Reis est la créature de Pessoa et le fait que Saramago s’en empare n’est pas sans créer une certaine ambiguïté. En effet un personnage fictif ne vit qu’autant que son auteur le décide. Ici Pessoa est mort alors que Reis est encore « en vie » et Saramago se l’approprie. Il joue de ces deux non-existences, celle de Pessoa, dont le nom signifie personne, et qui passa la sienne dans un quasi anonymat et celle de Reis qui se retrouve « abandonné » et qui devient ainsi un personnage de Saramago. Il prend le contre-pied de cette lusitanité en ce sens que les Portugais sont un peuple de voyageurs qui quittent leur pays sans y revenir (mythe du « sébastianisme ») mais Reis revient par la mer, dans son pays pour y mourir. Cette appropriation peut être regardée comme un mensonge en ce sens que, pour Saramago, Reis n’est pas qualifié à proprement parlé d’hétéronyme mais il devient un personnage qui va vivre sa vie pendant près de neuf mois dans le cadre de cette fiction, sous la plume de Saramago.

Ce roman est donc une fiction dans la fiction, une sorte de mise en abyme, avec jeux de miroirs ou trompe l’œil, un peu comme on pouvait le voir dans les anciens compartiments de chemin de fer où des glaces disposées en face l’une de l’autre produisaient une image multipliée à l’infini. Saramago, auteur majeur de la littérature contemporaine, couronné par le Prix Nobel en 1998, reste fidèle à son style à la fois simple et énigmatique , labyrinthique parfois et dont l’architecture peut instiller une ambiance assez lourde par moment. Ricardo Reis est, avec Alberto Caeiro, Alvaro de Campos et Bernardo Soares un des principaux hétéronymes de Pessoa (En réalité ils sont bien plus nombreux, on en dénombre un peu plus de 70, chacun avec sa propre personnalité). Saramago se l’approprie tout en précisant ce qui, selon lui faisait la philosophie et la vie de son sujet. Il lui fait arpenter les rues de Lisbonne ainsi que le faisait Pessoa lui-même et c’est aussi un hommage au poète de « Mensagem », à juste titre célébré comme un des plus grands écrivains portugais.
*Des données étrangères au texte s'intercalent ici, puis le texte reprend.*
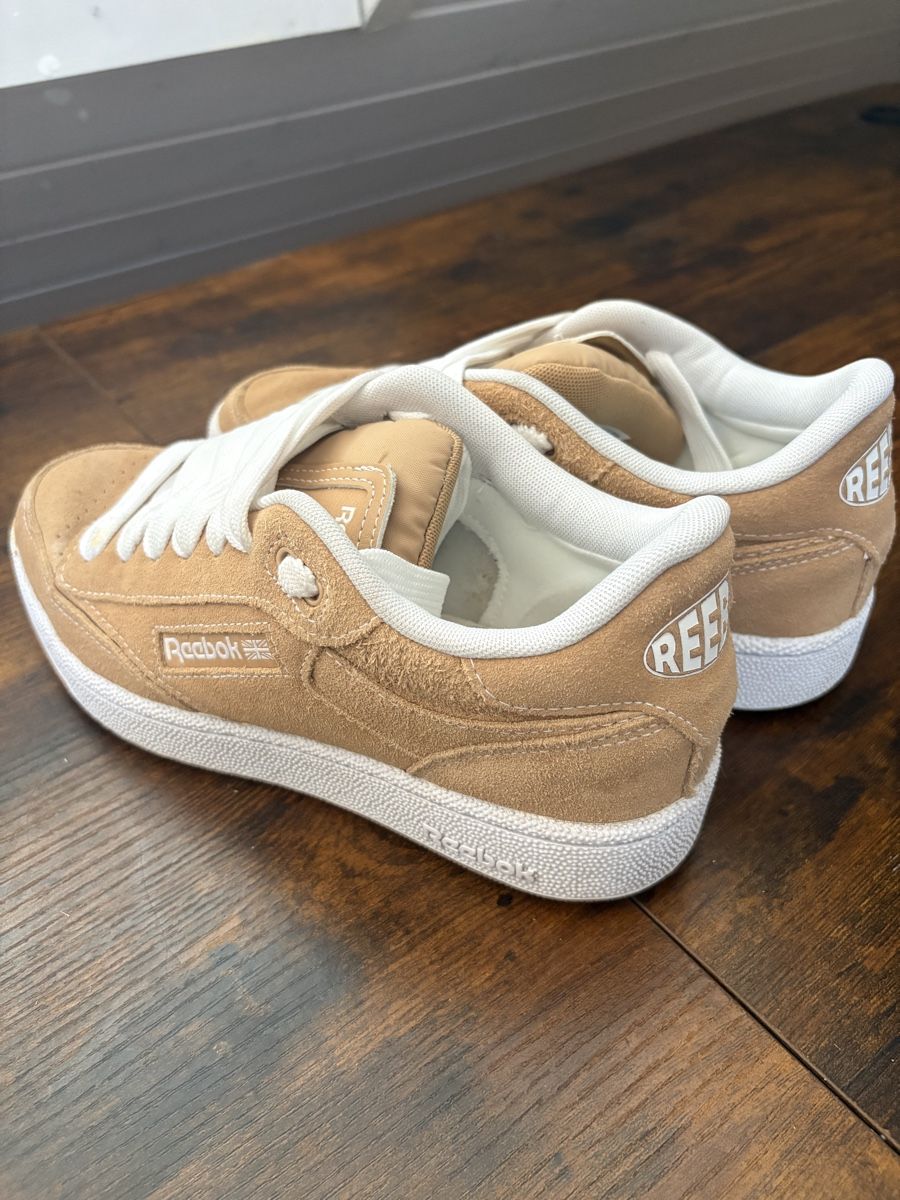 Reebok Scarpe da uomo: Reebok Schuhe 38.5 – Nuovo (secondo la descrizione) da Ehrendingen venduto da suurrlii 1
On peut se demander pourquoi Saramago a voulu ainsi faire revivre un personnage fictif ? Etait-ce pour prendre la place de Pessoa et donner à Reis une fin comme Pessoa l’a fait pour les autres hétéronymes?(Alberto Caeiro est mort en 1915 à 26 ans, Alvaro de Campos est mort en 1935 à 45 ans ) Peut-être ? Saramago nous le dépeint comme un homme désabusé, bien seul et dénué de tout sentiment, surtout après son voyage avorté à Fatima et qui songe soit à repartir pour le Brésil soit à s’installer comme médecin à Lisbonne. Marcenda qui est repartie pour Coimbra lui a en quelque sorte échappé, seule Lidia reste à ses côtés mais il regrette Marcenda qui était une jeune fille de bonne famille alors que Lidia n’est qu’une domestique quasiment analphabète. L’ennui est que cette dernière est enceinte mais il ne l’épousera pas et ne reconnaîtra même pas son enfant. Le fantôme de Pessoa, et peut-être Saramago avec lui, fustige cette attitude avant de disparaître définitivement. Veut-il ainsi montrer le vrai visage de Reis, un lâche qui refuse de prendre ses responsabilités, comme il n’a pas voulu soutenir Lidia face à la mort de son frère? Il nous rappelle que les hommes ne sont rien, surtout au moment du début de l’insurrection franquiste dans l’Espagne voisine et un commencement de mutinerie à Lisbonne .Saramago veut-il par le biais de cette fiction s’inscrire dans la lignée des grands écrivains portugais Camões (souvent cité et dont il pastiche un vers à la fin) et Pessoa ? Pourquoi pas, après tout il est lui-même prix Nobel de littérature et a honoré les lettres portugaises.